[DATA SHOWN Boundary: Start]

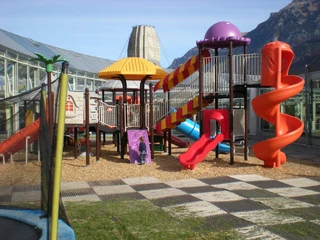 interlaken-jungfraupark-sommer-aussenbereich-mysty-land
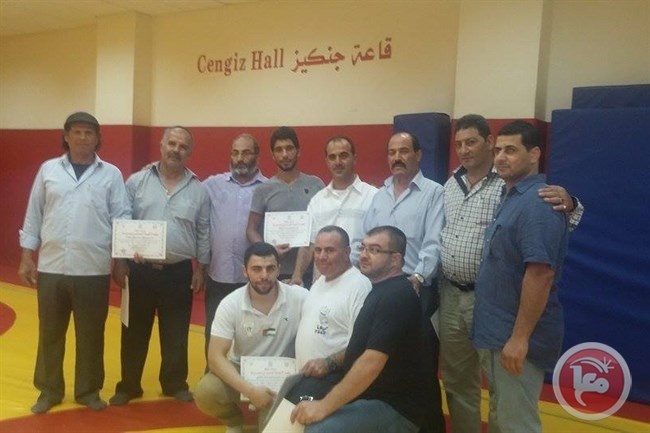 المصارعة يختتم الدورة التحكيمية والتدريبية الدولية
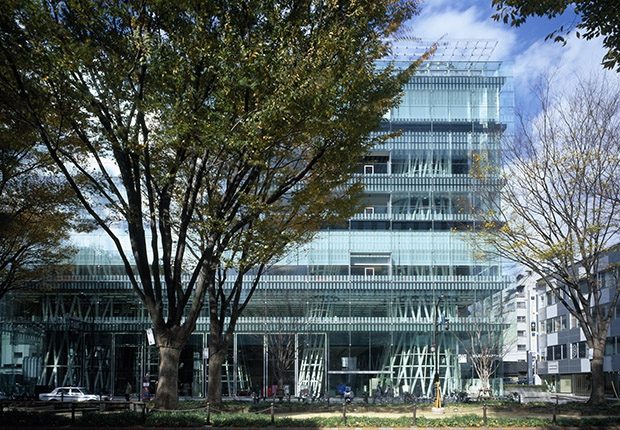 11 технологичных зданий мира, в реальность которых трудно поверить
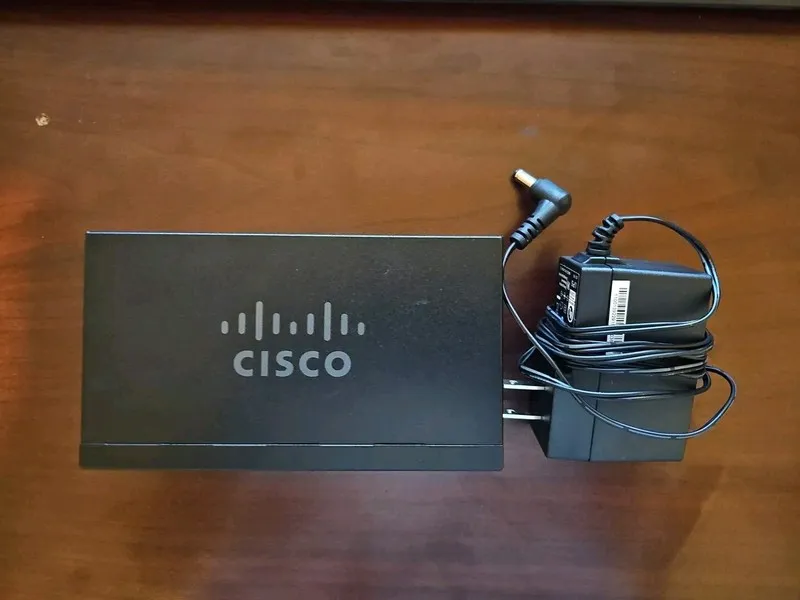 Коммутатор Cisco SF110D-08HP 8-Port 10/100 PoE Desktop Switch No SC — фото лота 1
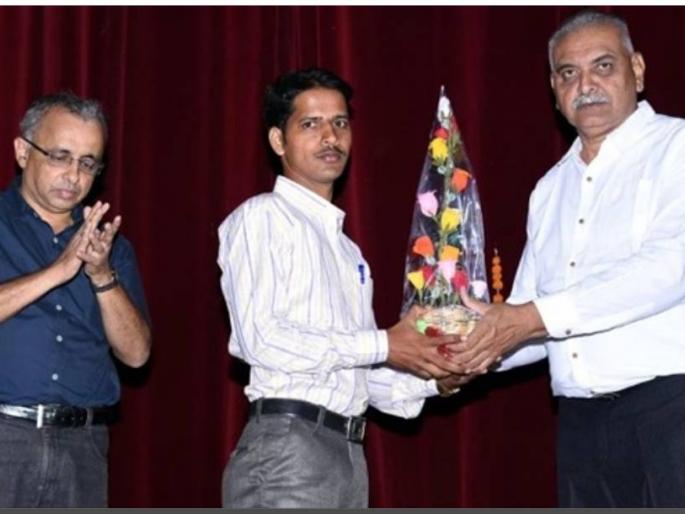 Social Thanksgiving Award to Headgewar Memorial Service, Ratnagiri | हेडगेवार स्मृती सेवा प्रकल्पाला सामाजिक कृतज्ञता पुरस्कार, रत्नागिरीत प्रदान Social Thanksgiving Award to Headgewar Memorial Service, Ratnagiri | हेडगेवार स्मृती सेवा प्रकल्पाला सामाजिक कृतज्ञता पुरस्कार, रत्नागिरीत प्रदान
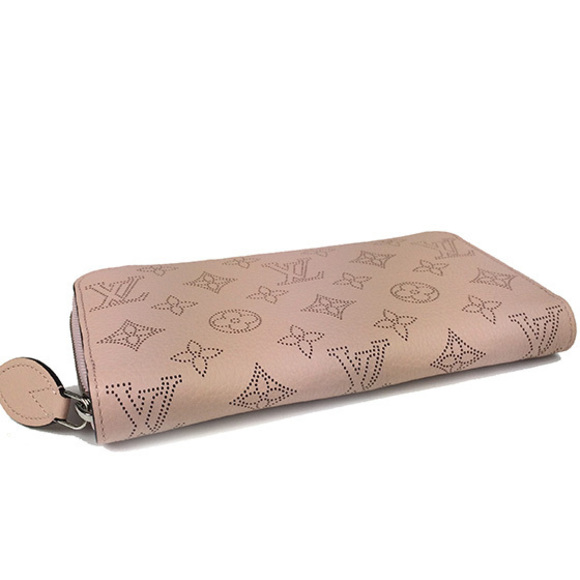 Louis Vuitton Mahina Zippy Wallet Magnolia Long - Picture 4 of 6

[DATA SHOWN Boundary: End]

- DESCRIPTION OF THE TASK:
Nothing but the lines from the one holding "المصارعة يختتم الدورة" through the last line of the entries should be written out, exactly and inclusively, minus the pictures.

- ANSWER BOX:
 المصارعة يختتم الدورة التحكيمية والتدريبية الدولية
 11 технологичных зданий мира, в реальность которых трудно поверить
 Коммутатор Cisco SF110D-08HP 8-Port 10/100 PoE Desktop Switch No SC — фото лота 1
 Social Thanksgiving Award to Headgewar Memorial Service, Ratnagiri | हेडगेवार स्मृती सेवा प्रकल्पाला सामाजिक कृतज्ञता पुरस्कार, रत्नागिरीत प्रदान Social Thanksgiving Award to Headgewar Memorial Service, Ratnagiri | हेडगेवार स्मृती सेवा प्रकल्पाला सामाजिक कृतज्ञता पुरस्कार, रत्नागिरीत प्रदान
 Louis Vuitton Mahina Zippy Wallet Magnolia Long - Picture 4 of 6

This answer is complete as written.